NVIDIA-Specific Extensions
NVVM Intrinsic Folding -- sub_1169C30
This 87 KB function is the core of NVIDIA's additions to InstCombine. Called from the main visitor when the instruction is an NVIDIA intrinsic, it uses a two-layer dispatch:
Layer 1 (primary switch, entered when the uses-list is empty or the "fast" flag at a1+336 is set) dispatches on the node's byte-tag:
| Tag | Char | Fold Type |
|---|---|---|
| 42 | * | FNeg/negation -- pushes negation through arithmetic via the "Negator" chain |
| 55 | 7 | Vector extract from intrinsic result (full-width extract becomes identity) |
| 56 | 8 | Vector insert into intrinsic result (full-width insert becomes And mask) |
| 59 | ; | Multiply-like symmetric intrinsic (folds when one operand is known non-negative) |
| 68 | D | ZExt of i1 intrinsic result (bypasses intrinsic wrapper) |
| 69 | E | SExt of i1 intrinsic result (bypasses intrinsic wrapper) |
| 85 | U | Call-site fold for llvm.nvvm.* with specific IDs (313, 362) |
| 86 | V | Select-like intrinsic fold (dead select elimination) |
Layer 2 (depth-gated by qword_4F908A8 = instcombine-negator-max-depth) adds aggressive cases:
| Tag | Char | Fold Type |
|---|---|---|
| 46 | . | Dot product fold |
| 54 | 6 | Indexed access / extract with fold |
| 58 | : | Comparison intrinsic fold |
| 67 | C | Type conversion intrinsic fold |
| 84 | T | Tensor / multi-operand intrinsic fold |
| 90 | Z | Zero-extend intrinsic fold |
| 91 | [ | Three-operand fold (e.g., fma) |
| 92 | \ | Four-operand fold (e.g., dp4a) |
| 96 | ` | Unary special intrinsic fold |
The FNeg case (tag 42) is the most complex.
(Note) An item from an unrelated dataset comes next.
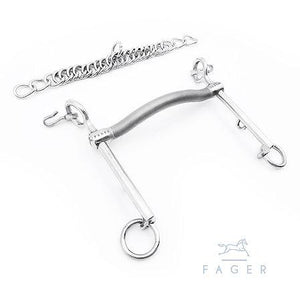 Fager Daniel Sweet Iron Weymouth - Horse Bit Emporium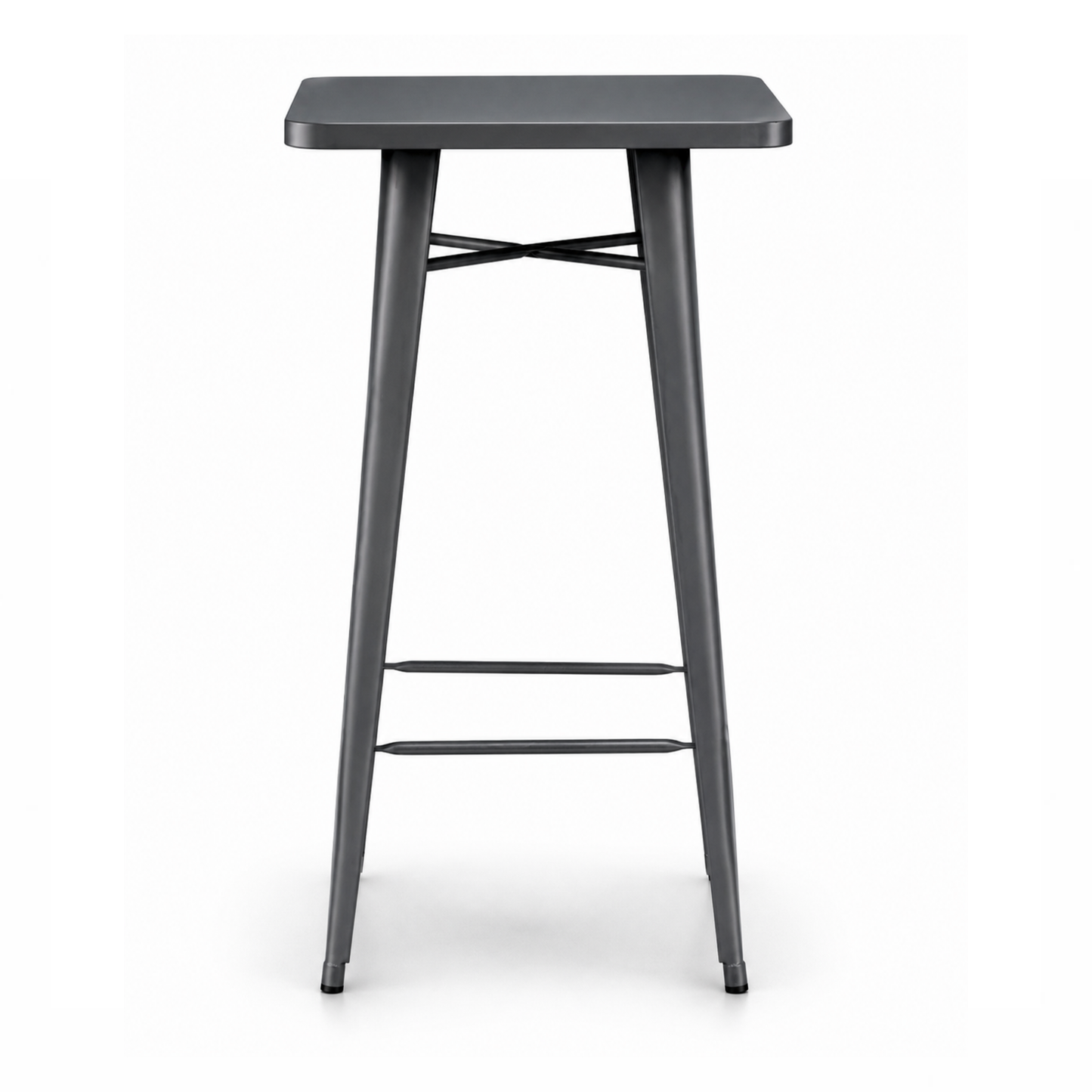 T41 - Tavolo in lamiera alto cm 60x60 Don Tavoli Srl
It first attempts constant folding: if the operand is all-ones (-1), it creates sub(0, operand) via CSE lookup with opcode 30. When the simple fold fails, it falls through to the Negator chain at LABEL_163: sub_1168D40 collects all negatable sub-expressions, sub_1169800 attempts to fold negation into each operand, and the results are combined with sub_929C50 or sub_929DE0. This pushes negation through chains of arithmetic to find a cheaper representation, depth-gated to prevent exponential blowup. Created replacement instructions carry .neg modifier metadata for PTX emission.
Three High-Opcode NVIDIA Intrinsics
Opcodes 0x254D (9549), 0x2551 (9553), and 0x255F (9567) are NVIDIA-proprietary intrinsic IDs handled directly in the main visitor. All three share the same pattern: extract the commuted-operand index via v1612->m128i_i32[1] & 0x7FFFFFF, verify the other operand has byte-tag 12 or 13 (ConstantInt/ConstantFP), query metadata via sub_10E0080 with mask 0xFFFFFFFFFFFFFFFF, and test specific bit patterns:
| Opcode | Test | Fold Condition |
|---|---|---|
| 0x2551 (9553) | ((result >> 40) & 0x1E) == 0x10 | Fold when bit pattern mismatches |
| 0x255F (9567) | (result & 0x10) != 0 | Fold when bit 4 is clear |
| 0x254D (9549) | (result & 0x200) != 0 | Fold when bit 9 is clear |
When the filter passes, the shared epilogue calls sub_F207A0(v6, v1612->m128i_i64) (eraseInstFromFunction), deleting the instruction entirely. These implement dead-code elimination for NVIDIA intrinsics with constant arguments matching known-safe-to-remove criteria.
Separate Storage Assume Bundles
At lines 6557--6567 of the main visitor, the code iterates over operand bundles on llvm.assume calls (opcode 0x0B). For each bundle with a tag of exactly 16 bytes matching "separate_storage" (verified by memcmp), it calls sub_10EA360 on both bundle operands. This implements NVIDIA's separate_storage alias analysis hint, allowing InstCombine to exploit non-aliasing assumptions for pairs of pointers declared to reside in separate memory spaces.
Expanded GEP Handling
The GEP case (opcode 0x99 = 153) is significantly expanded compared to upstream. The global dword_4F901A8 controls a depth-limited chain walk for nested GEP simplification:
v729 = getOperand(0) of GEP
if (dword_4F901A8) {
v730 = 0;
do {
if (!isConstantGEP(v729)) break;
++v730;
v729 = getOperand(0, v729); // walk up
} while (v730 < dword_4F901A8);
}
if (*(_BYTE*)v729 != 85) // 85 = CallInst
goto LABEL_155; // bail
This walks backward through constant-index GEP chains up to dword_4F901A8 steps, looking for a CallInst base pointer. The knob controls how many GEP levels to look through when simplifying GEP(GEP(GEP(..., call_result))).
Ternary/FMA Support
The preamble handles 3-operand instructions (opcodes 238--245) representing fused multiply-add variants. This includes checking whether the third operand is a zero-constant, converting between FMA opcode variants (238 vs. 242), and handling address space mismatches on FMA operand types -- entirely NVIDIA-specific for CUDA's FMA intrinsics.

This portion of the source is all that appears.